PG&E brought my family an unwelcome gift in mid-November: a SmartMeter.

Since the big Bay Area rollout last fall, these remotely read meters have come under fire. Consumers have complained that they do not accurately measure electricity usage, resulting in significantly higher utility bills.

Although I didn’t receive a higher-than-expected bill that first month, the SmartMeter — and more specifically, the threat of losing money — got my attention in a way that reducing my carbon footprint and protecting the world from global warming hadn’t. For me, the priority was avoiding a future spike in my PG&E bill that would require replacing major appliances, the furnace or water heater.

So, with some online resources and a nifty gadget called the Watt-Minder, I set out to self-audit my family’s energy use during December and January.

What I discovered surprised me enough that I was soon stocking up on compact fluorescent light bulbs and power strips.

The money game

My family of three lives in a 30-year-old, 2,100-square-foot, two-story house with four bedrooms and 2½ bathrooms. The $2,027 we spent last year on utilities was almost in line with the annual U.S. average of $1,900, but well above the $1,206 average for homes in our city of Concord.

Clearly, we were using a lot of energy over the baseline. Utility rates are set using this baseline, defined as the minimum amount of electricity and gas that consumers need to live in a specific region.
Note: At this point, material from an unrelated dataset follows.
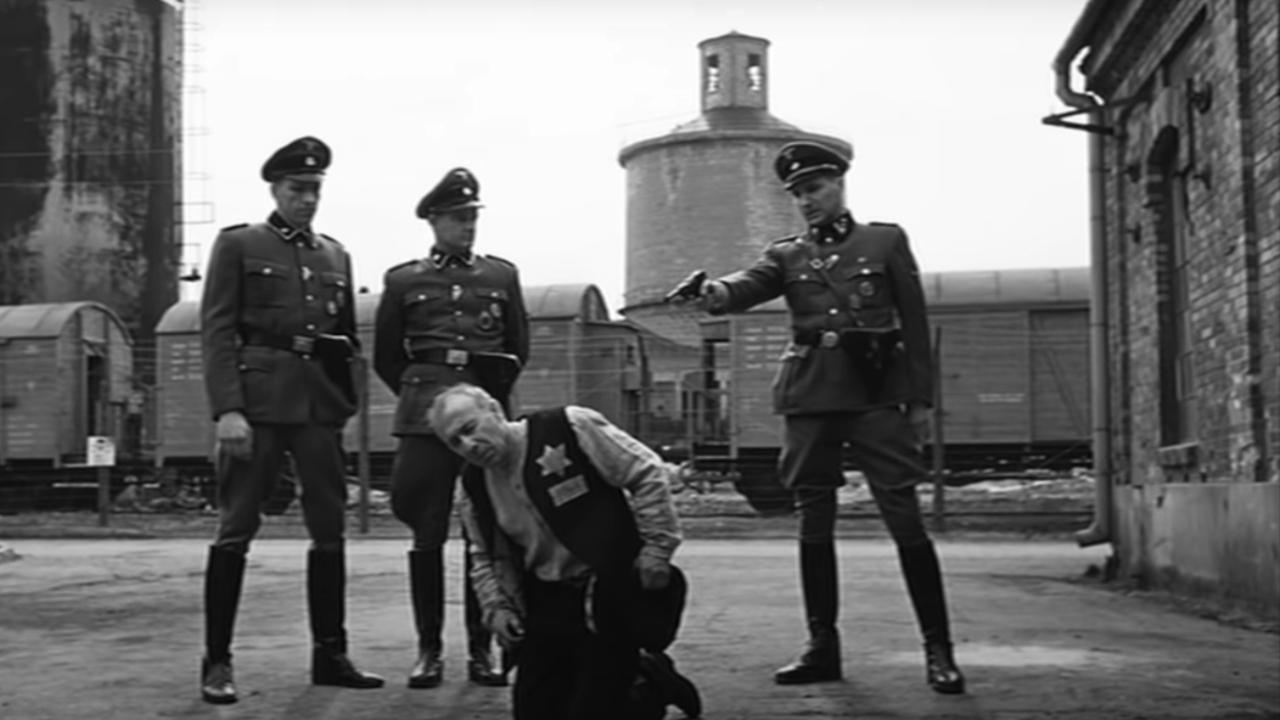 Нацисты стоят над узником-евреем из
The more consumers use above this baseline, the more they pay. For example, a baseline rate may be $0.1153 per kilowatt hour, but exceeding that baseline by 131 percent to 200 percent could cost $0.2607 per hour.
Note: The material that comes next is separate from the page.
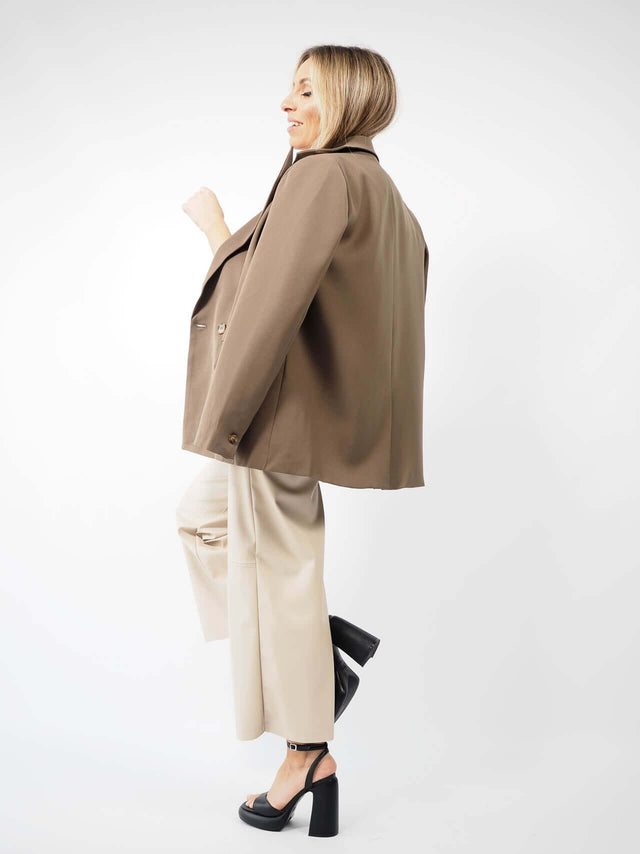 Blazer liso de manga comprida com pormenor visto de lado.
Hoping to bring down our energy use, I answered dozens of detailed questions in an online audit by government-sponsored Home Energy Saver (www.hes.lbl.gov). The resulting recommendations were what I expected: Switch to a natural gas dryer, replace our dishwasher and water heater with energy-efficient models, and have our ducts professionally sealed — all budget breakers.
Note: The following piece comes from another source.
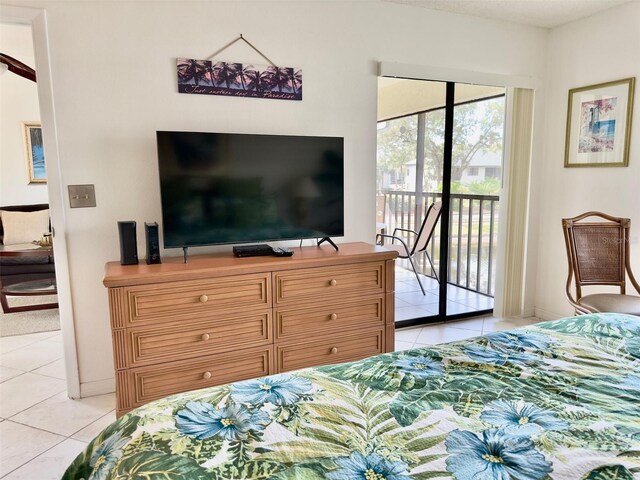 bedroom featuring light tile patterned flooring and access to outside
But I found something I could do within our budget. The U.S. Department of Energy says energy used to power major and small appliances accounts for 17 percent of a household’s energy consumption. For us, that came to $750 a year.

Here was a number I could tackle.

The watts game

Never before had I considered auditing my energy consumption. I didn’t even realize that companies offered this service.

“That’s the challenge with this industry,” says Shana Fong, marketing manager for one such Bay Area company, Recurve. “Not many are aware that it exists. They’re looking for a silver bullet product that will help with energy consumption. In reality, “… each homeowner has different priorities.”

SmartMeters eventually will be able to measure how much energy a household appliance uses, but I didn’t want to wait for that technology. So I turned to the Watt-Minder, created by Martinez-based Mashita Electronics. The battery-operated device measures the kilowatts used by any appliance that has a plug. Based on the rate you program into the device, it estimates the cost to operate that appliance.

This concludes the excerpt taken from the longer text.